## What you have to do
Output every line of the material exactly, omitting images.

## Dataset

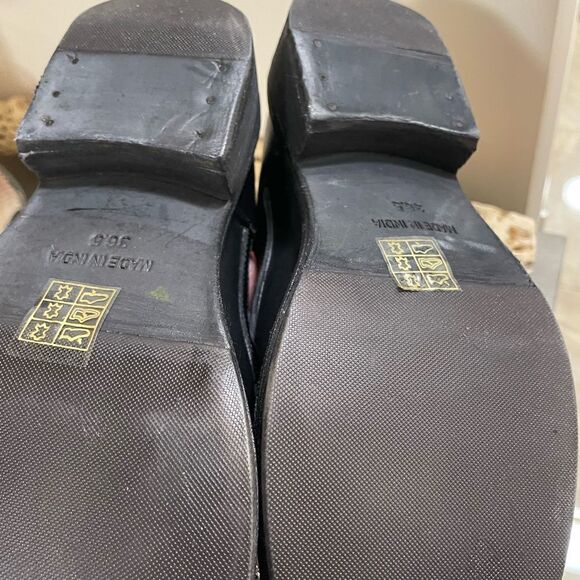 New Free People Black Leather Flower Cut Outs Power Lace-Up Zip Back Boo… - Picture 6 of 10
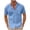 Blue, variant on Besolor Men's Cotton Linen Shirts Short Sleeve Button down Casual Lightweight Summer Beach Vacation Shirts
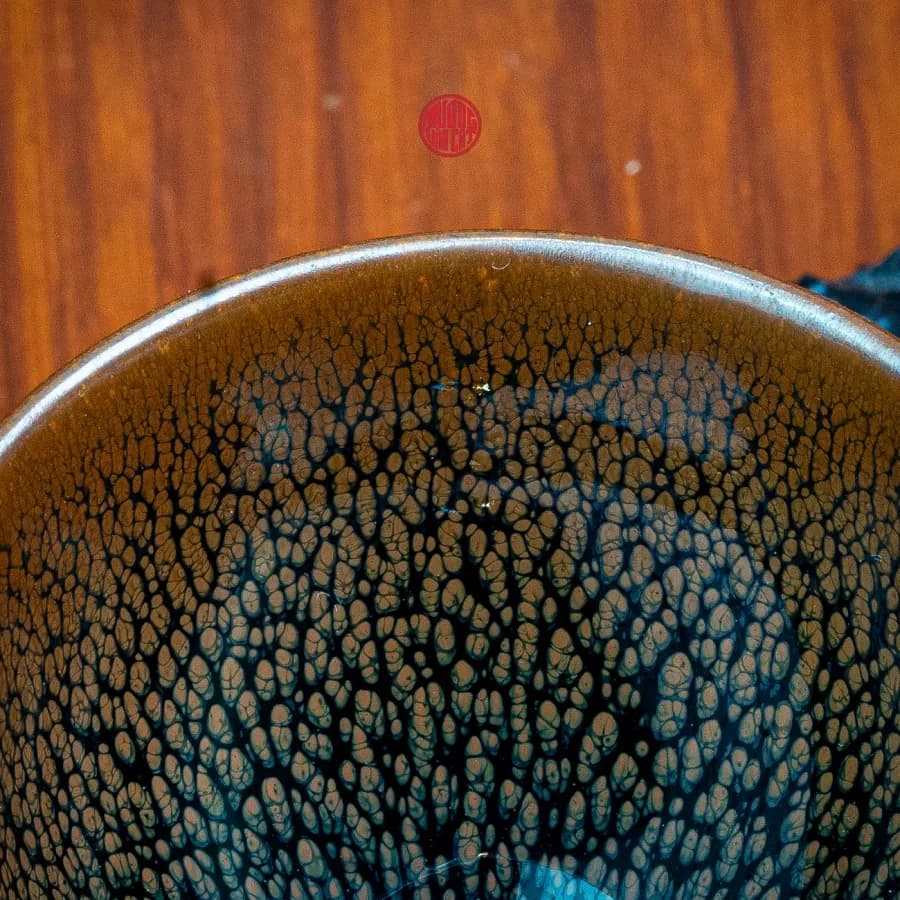 CHÉN TRÀ THIÊN MỤC DU TRÍCH KHỔNG TƯỚC VŨ ( Mẫu 2 ) thumbnail 5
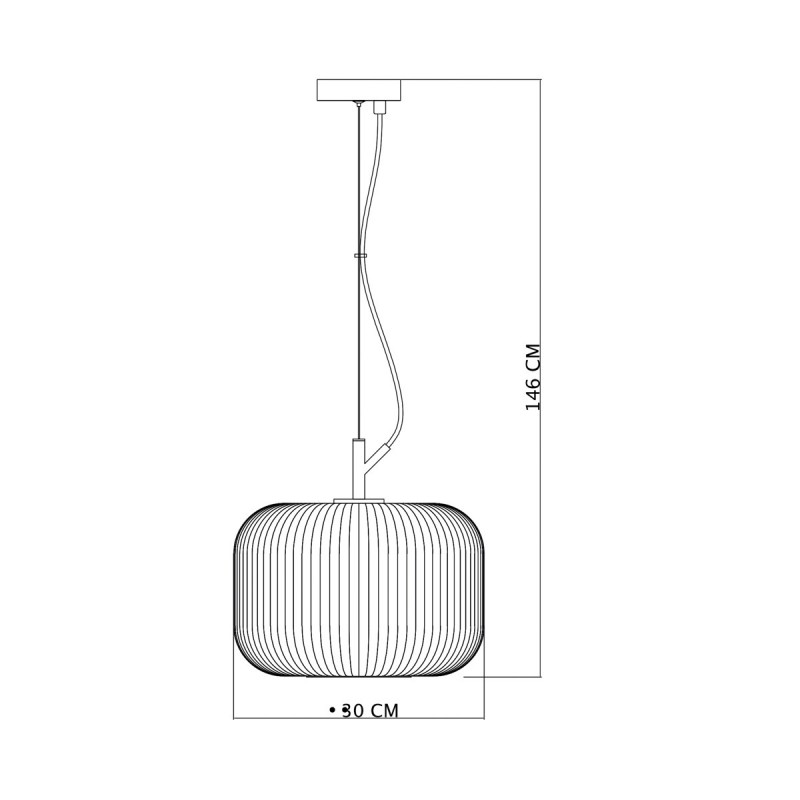 Люстра підвісна ITALUX PND-64536B-L-BL-OPA Rues купити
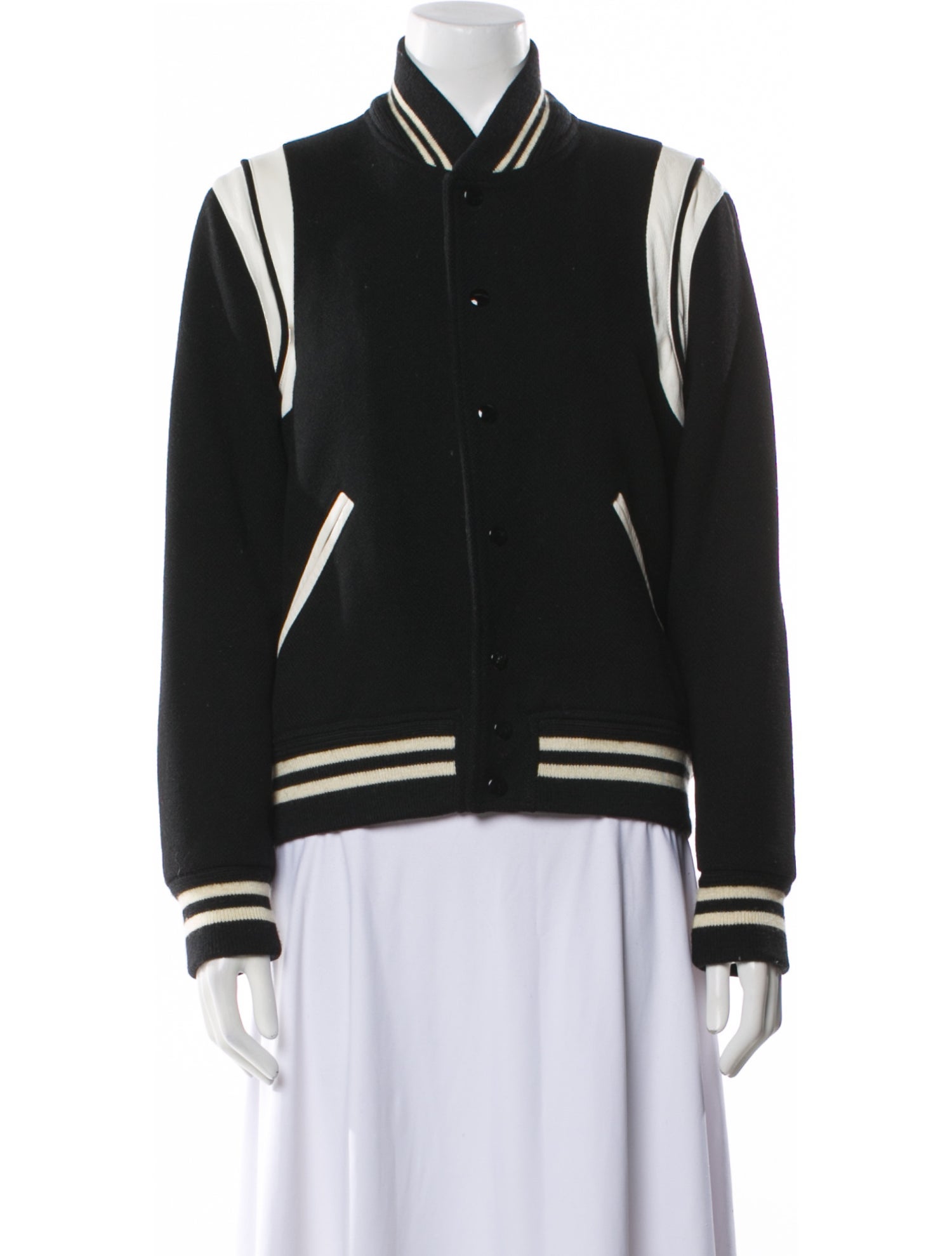 Saint Laurent Virgin Wool Striped Jacket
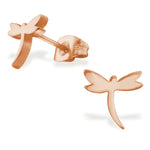 Stainless Steel Dragonfly Cut-Out Stud Post Earrings - Comfort Zone Studios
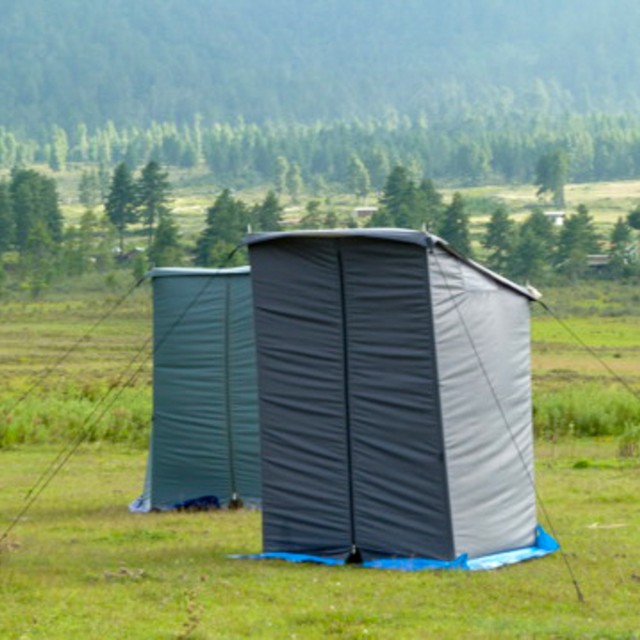 Shower and toilet tents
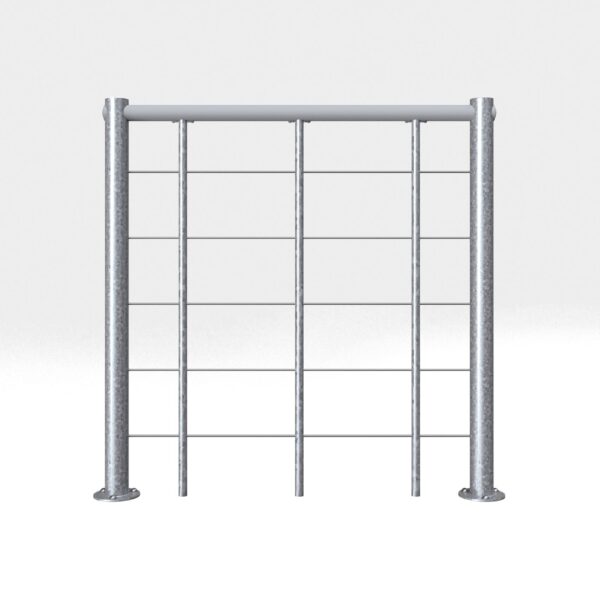 Brüstungsgeländer zu Spino Zink Smart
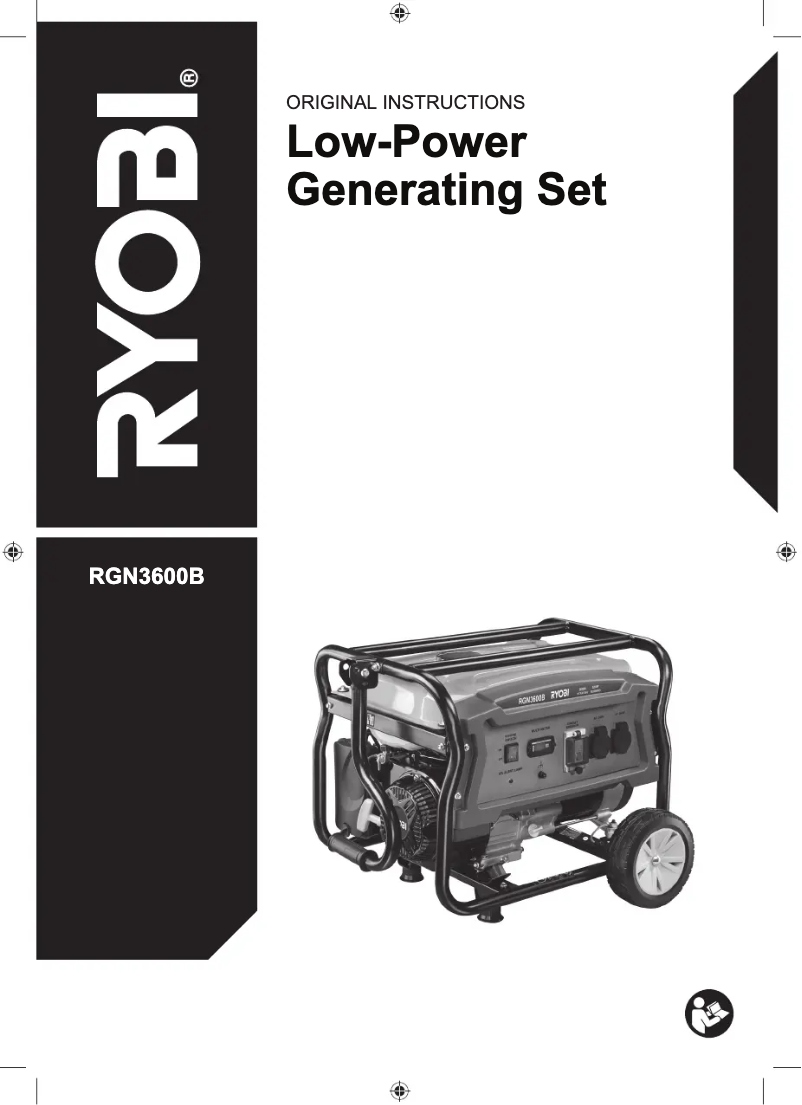Page 1 de la notice Manuel utilisateur RYOBI RGN3600B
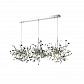 Подвесная люстра Crystal Lux GARDEN SP3х3 L1200 CHROME - фото №2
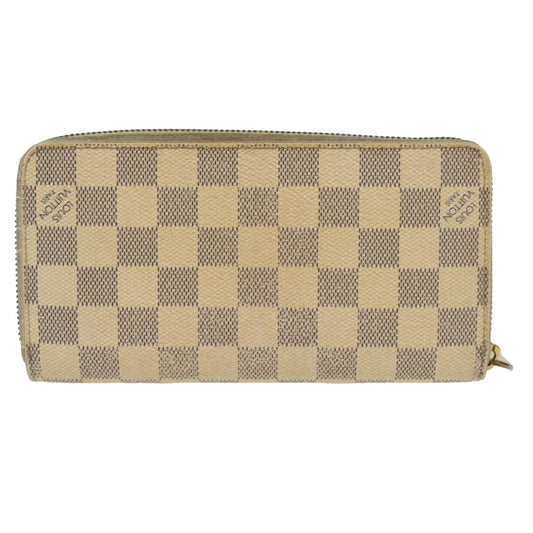 LOUIS VUITTON Damier Azur Zippy Wallet Long Wallet N60019 LV Auth th3379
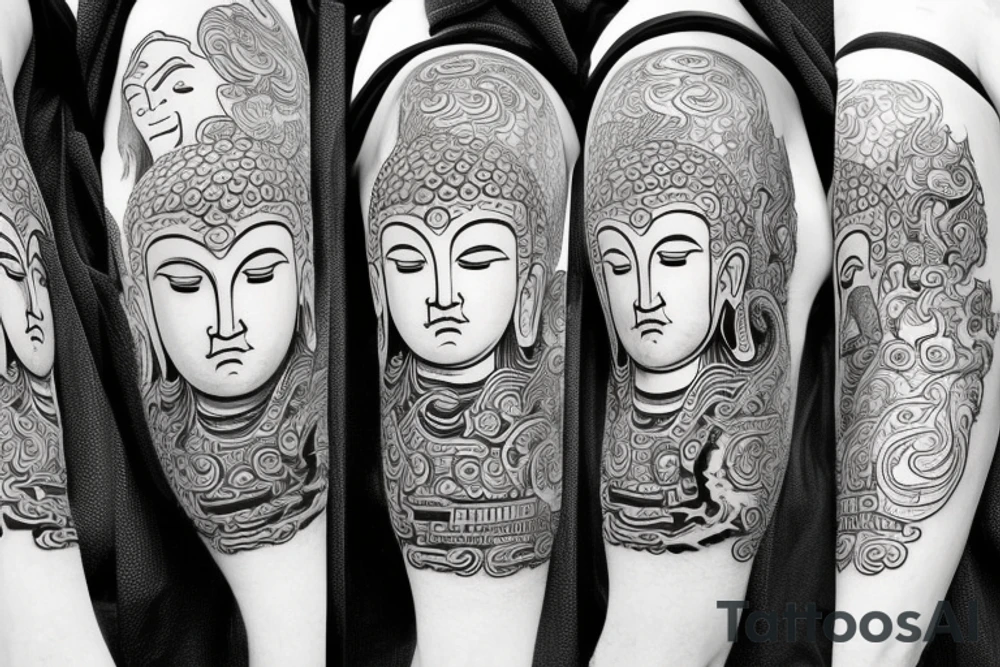 Buddha fudo tattoo idea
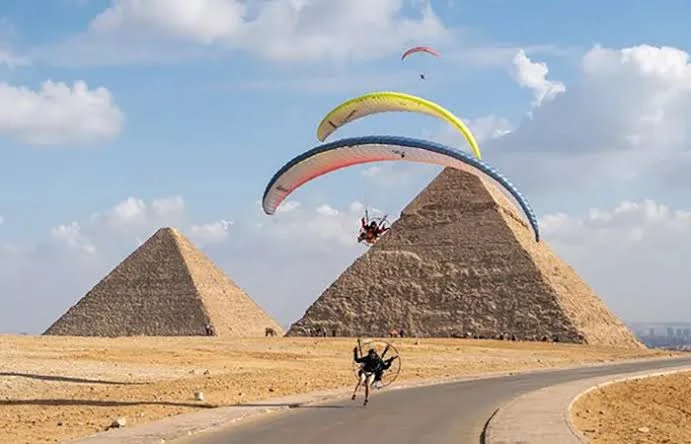 Paramotor Over Giza Complex Tour
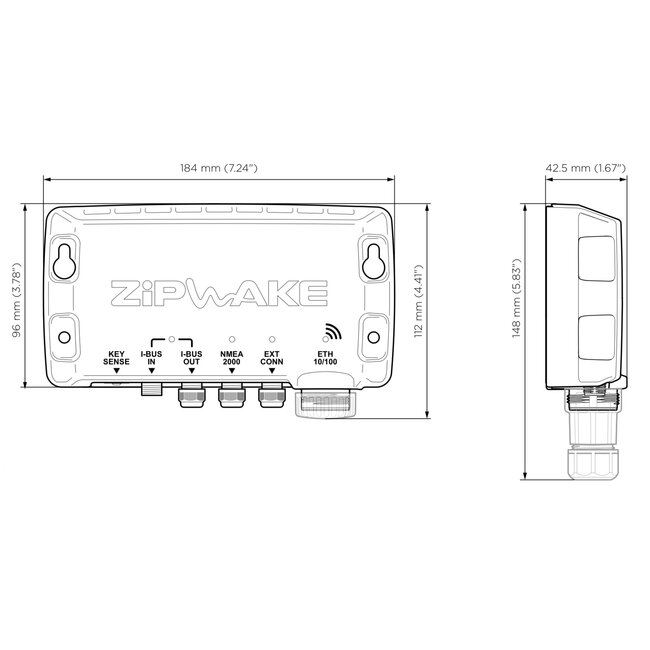 ZIPWAKE Series 450S Integrator Module Straight Kit Box Trim System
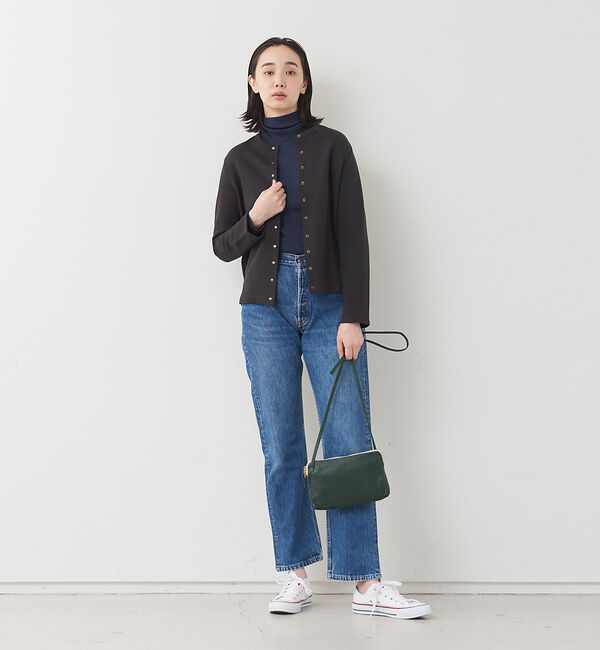 collex「ピュアウールリブタートルニット」|ニット・セーター|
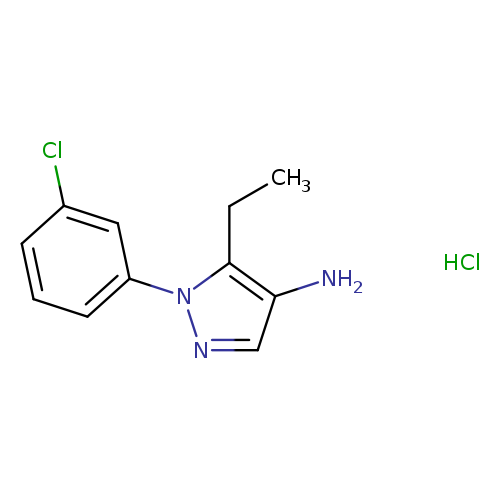 1-(3-Chlorophenyl)-5-ethyl-1h-pyrazol-4-amine hydrochloride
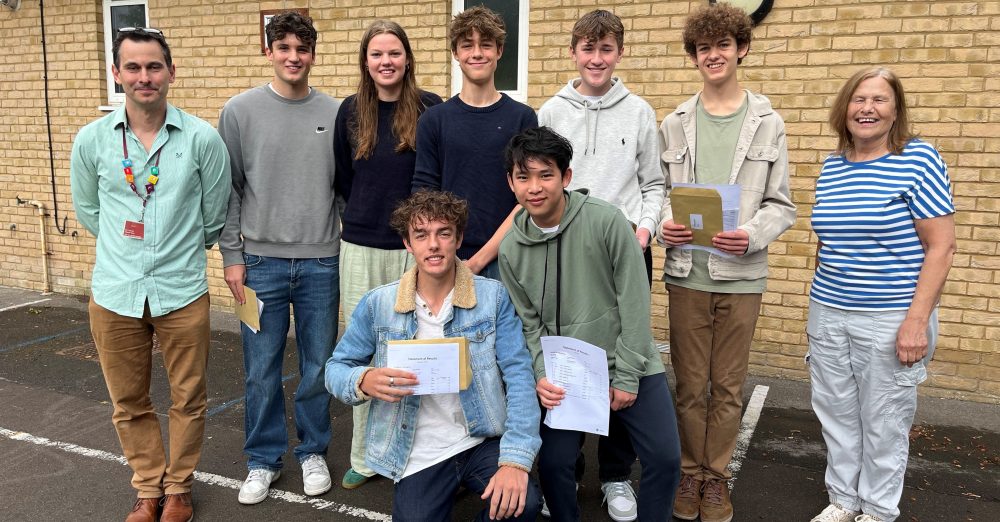 GCSE and IGCSE Maths Students with Mr Dalzell and Mrs Owen Picture: Sexey's School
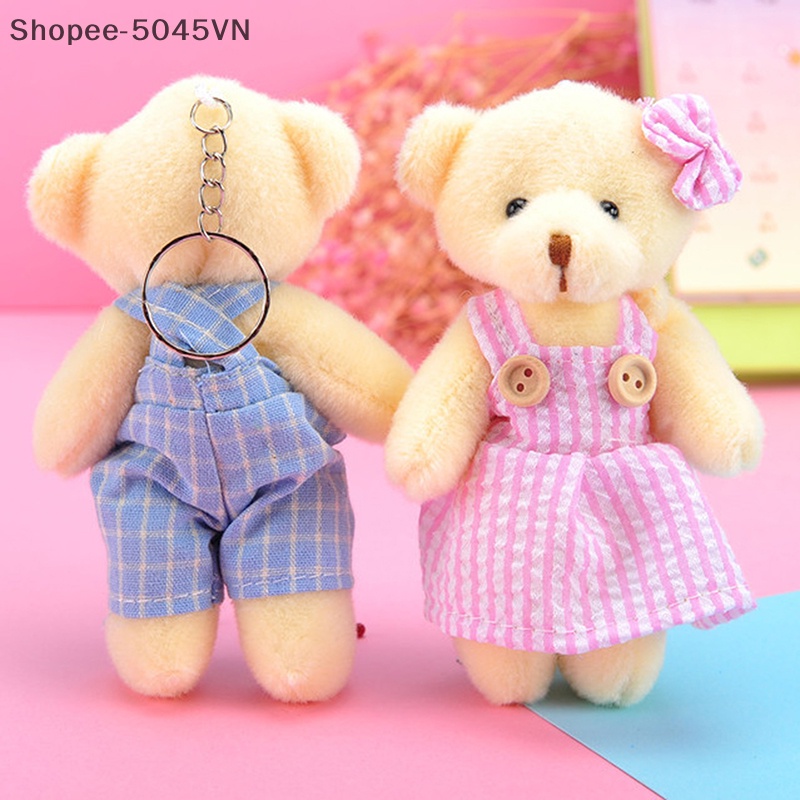 [Hàng Có Sẵn] Móc Khóa Gấu Bông Teddy Cho Cặp Đôi / Bạn Bè (H)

## Result
 New Free People Black Leather Flower Cut Outs Power Lace-Up Zip Back Boo… - Picture 6 of 10
 Blue, variant on Besolor Men's Cotton Linen Shirts Short Sleeve Button down Casual Lightweight Summer Beach Vacation Shirts
 CHÉN TRÀ THIÊN MỤC DU TRÍCH KHỔNG TƯỚC VŨ ( Mẫu 2 ) thumbnail 5
 Люстра підвісна ITALUX PND-64536B-L-BL-OPA Rues купити
 Saint Laurent Virgin Wool Striped Jacket
 Stainless Steel Dragonfly Cut-Out Stud Post Earrings - Comfort Zone Studios
 Shower and toilet tents
 Brüstungsgeländer zu Spino Zink Smart
Page 1 de la notice Manuel utilisateur RYOBI RGN3600B
 Подвесная люстра Crystal Lux GARDEN SP3х3 L1200 CHROME - фото №2
 LOUIS VUITTON Damier Azur Zippy Wallet Long Wallet N60019 LV Auth th3379
 Buddha fudo tattoo idea
 Paramotor Over Giza Complex Tour
 ZIPWAKE Series 450S Integrator Module Straight Kit Box Trim System
 collex「ピュアウールリブタートルニット」|ニット・セーター|
 1-(3-Chlorophenyl)-5-ethyl-1h-pyrazol-4-amine hydrochloride
 GCSE and IGCSE Maths Students with Mr Dalzell and Mrs Owen Picture: Sexey's School
 [Hàng Có Sẵn] Móc Khóa Gấu Bông Teddy Cho Cặp Đôi / Bạn Bè (H)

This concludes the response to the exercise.